No , EMR doesn't provide this library from databricks.
To access Redshift :
Connectivity to Redshift doesn't require any IAM based authentication. It simply requires the EMR cluster (master/slave IP's or EMR master/slave SG's) whitelisted in Redshift's security group on its default port 5439 .
Now since the Spark executors run the COPY / LOAD commands based on spark commands and these commands require access to S3, you would need to configure IAM credentials mentioned here: https://github.com/databricks/spark-redshift#aws-credentials
To access S3 from EMR:
EMR nodes by default assume an IAM instance profile role called EMR_EC2_DefaultRole and permissions on this role define what EMR nodes and its entities (using InstanceProfileCredentialsProvider) can have access to.

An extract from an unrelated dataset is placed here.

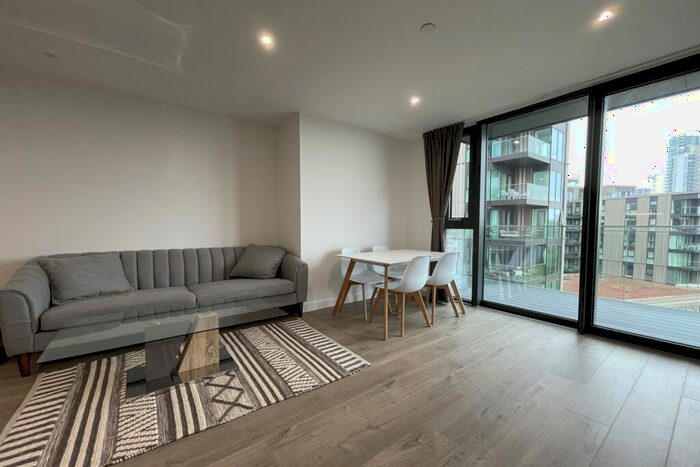 2 Bedroom Apartment To Rent In Willowbrook House, N4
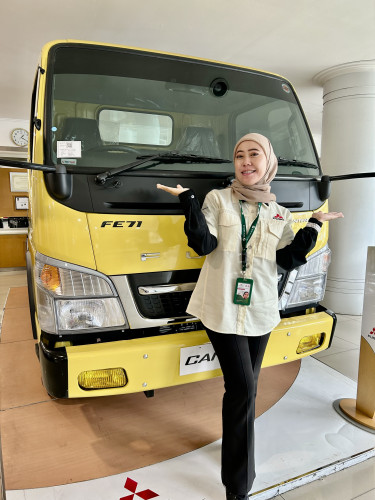 Sales mitsubishi Cibinong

So you may use the 4th way mentioned in the documentation. The (AccessKey , SecretKey , Tokens) can be retrieved like the following and can be used as an Option or Parameter(temporary_aws_access_key_id , temporary_aws_secret_access_key , temporary_aws_session_token )
https://github.com/databricks/spark-redshift#parameters
//Get cred's from IAM instance profile
val provider = new InstanceProfileCredentialsProvider()
val credentials: AWSSessionCredentials = provider.getCredentials.asInstanceOf[AWSSessionCredentials]
val token = credentials.getSessionToken
val awsAccessKey = credentials.getAWSAccessKeyId
val awsSecretKey = credentials.getAWSSecretKey
The EMR_EC2_DefaultRole should have permissions to Read/Write on S3 object being used as tempdir.
Finally, EMR does include Redshift's JDBC drivers on /usr/share/aws/redshift/jdbc
which can be used in spark's driver and executor classpaths(--jars
).